Klinsmann recently took that curiosity to Brazil, where he attended an international coaching clinic.
"I need to figure out how they think," says Klinsmann, who turns 48 next month. "That's my competition in the World Cup. I need to figure out how does Brazil function. How does Spain function? How does Italy do it? How can I make a difference with my guys?
"So I have to find great resources here in this country, but I also have to find great resources around the world because it's a global game."
That's a theme Klinsmann comes back to frequently. While the U.S. celebrates diversity in many aspects of daily life, it has long been provincial and isolationist when it comes to the national soccer team.

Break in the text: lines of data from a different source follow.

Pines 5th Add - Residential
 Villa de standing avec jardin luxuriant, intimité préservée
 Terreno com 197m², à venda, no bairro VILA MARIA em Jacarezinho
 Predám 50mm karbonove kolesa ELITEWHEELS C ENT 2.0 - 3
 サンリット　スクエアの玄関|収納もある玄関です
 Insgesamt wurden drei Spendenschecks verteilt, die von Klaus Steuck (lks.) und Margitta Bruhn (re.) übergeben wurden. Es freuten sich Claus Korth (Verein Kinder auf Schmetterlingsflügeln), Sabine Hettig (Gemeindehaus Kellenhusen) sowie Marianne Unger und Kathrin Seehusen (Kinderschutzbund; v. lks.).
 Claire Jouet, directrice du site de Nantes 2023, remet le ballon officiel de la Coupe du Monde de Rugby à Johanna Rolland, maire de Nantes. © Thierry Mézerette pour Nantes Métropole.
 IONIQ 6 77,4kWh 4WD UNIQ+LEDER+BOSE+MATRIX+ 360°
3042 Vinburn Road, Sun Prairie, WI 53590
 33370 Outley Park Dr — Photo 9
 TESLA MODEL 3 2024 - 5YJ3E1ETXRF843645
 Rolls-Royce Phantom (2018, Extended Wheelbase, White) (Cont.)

And that, Klinsmann says, has kept the U.S. from closing the considerable gap separating it from world powers such as Spain, Brazil, Argentina and Germany.
"Klinsmann understands when we've tried to Americanize our game, we're on the wrong schedule," says Eric Wynalda, a former U.S. national team striker and the first American to play in Germany's Bundesliga. Major League Soccer starts their "games in March and then we question ourselves. Why did our Olympic team not qualify? Because our guys have been practicing for months. Their guys have been playing games."
More important than changing the calendar of U.S. soccer, though, is changing both the playing style and mentality of the players.
Under Bob Bradley, who had the second-highest winning percentage of any U.S. coach in history, the Americans played a reactive, counter-attacking game — one Klinsmann has dumped in favor of a dynamic, aggressive approach. He has also introduced exhausting European-style training camps and has filled his roster with American players from German, English, Italian and Mexican clubs.
From that collision of competing styles a uniquely American method will emerge, Klinsmann believes.